- [YOUR ASSIGNMENT]: Copy the data below exactly, but not the pictures it contains.

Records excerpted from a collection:
·····

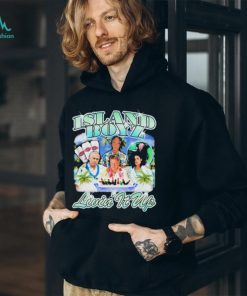 Official Angryfridge island boyz livin it up shirt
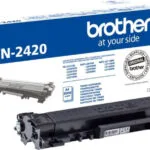 Brother TN-2420 Γνήσιο Toner Laser Εκτυπωτή Μαύρο High Capacity 3000 Σελίδων TN-2420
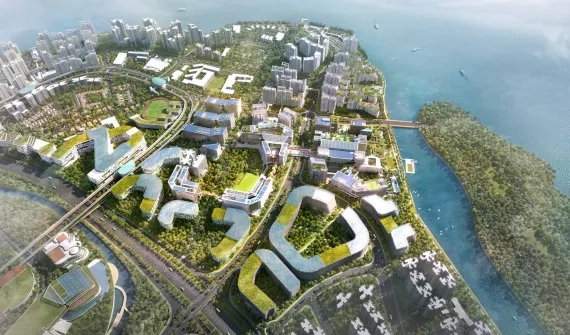 Punggol Digital District - Artist's Impression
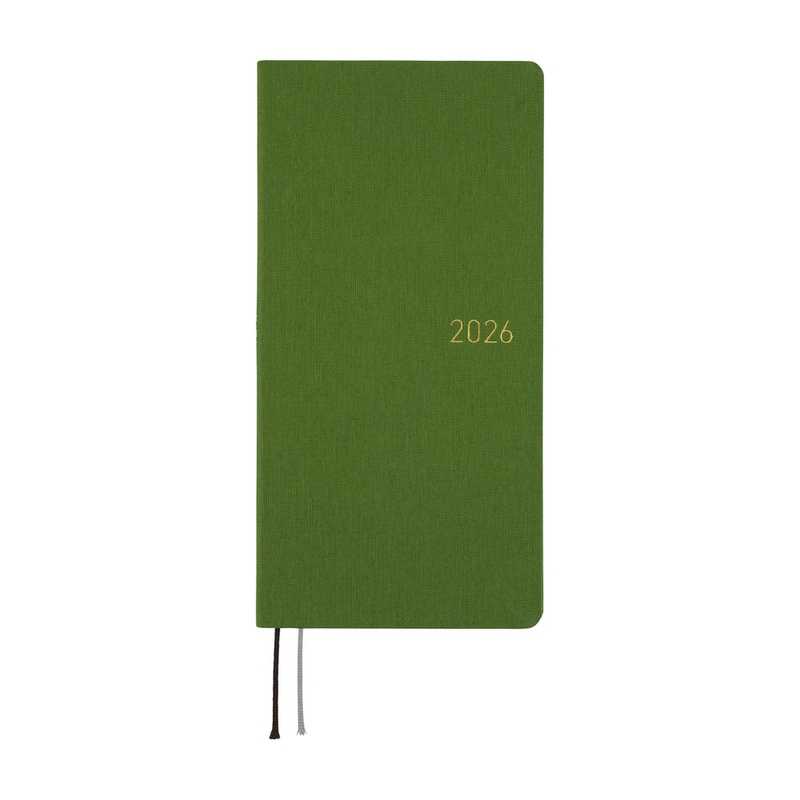 Hobonichi Hobonichi Techo Weeks 2026 Mega Colors: Antique Green Hobonichi Hobonichi Techo Weeks 2026 Mega Colors: Antique Green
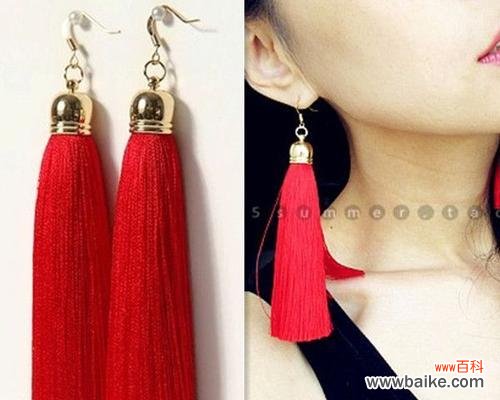红色缠花耳饰代表什么？耳饰的寓意有哪些？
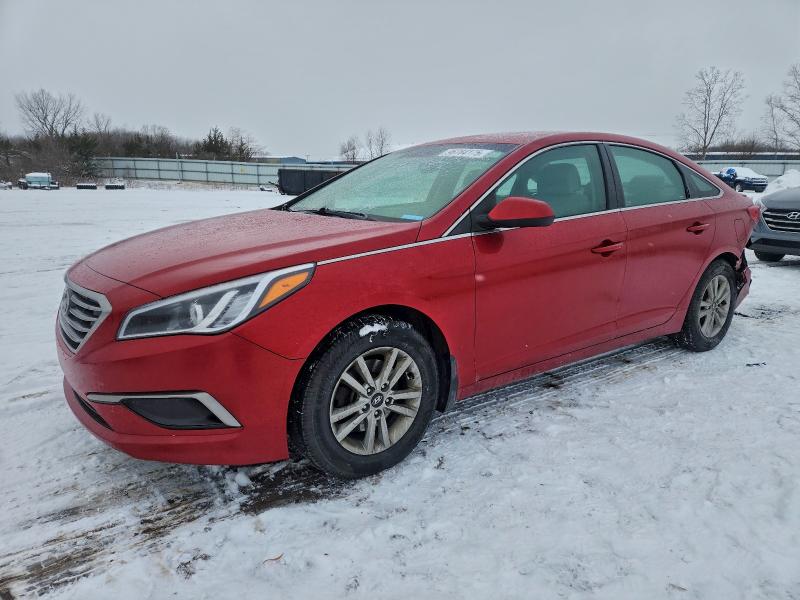 2017 HYUNDAI SONATA SE — VIN 5NPE24AF8HH543122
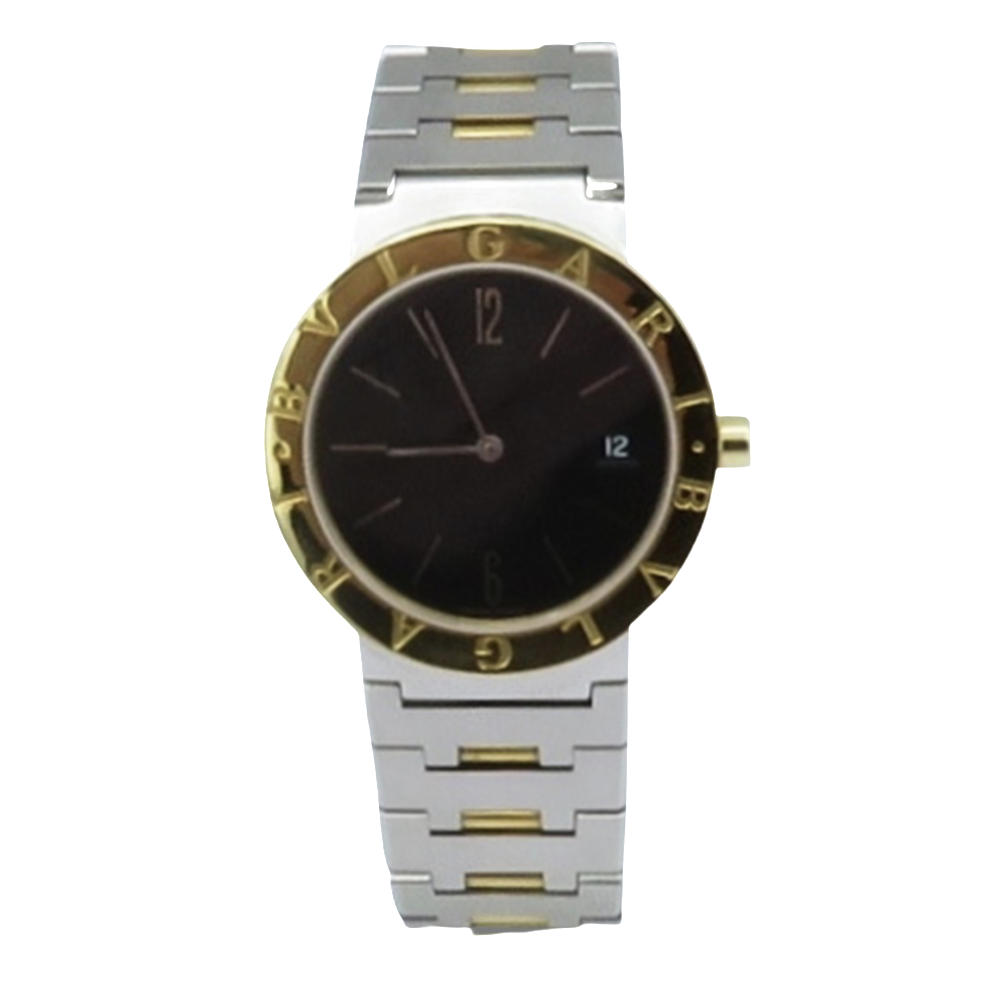 Montre Bulgari BB 33 Or et acier Homme Quartz Vers 1995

·····

- [SOLUTION TO THIS PROBLEM]:
 Official Angryfridge island boyz livin it up shirt
 Brother TN-2420 Γνήσιο Toner Laser Εκτυπωτή Μαύρο High Capacity 3000 Σελίδων TN-2420
 Punggol Digital District - Artist's Impression
 Hobonichi Hobonichi Techo Weeks 2026 Mega Colors: Antique Green Hobonichi Hobonichi Techo Weeks 2026 Mega Colors: Antique Green
红色缠花耳饰代表什么？耳饰的寓意有哪些？
 2017 HYUNDAI SONATA SE — VIN 5NPE24AF8HH543122
 Montre Bulgari BB 33 Or et acier Homme Quartz Vers 1995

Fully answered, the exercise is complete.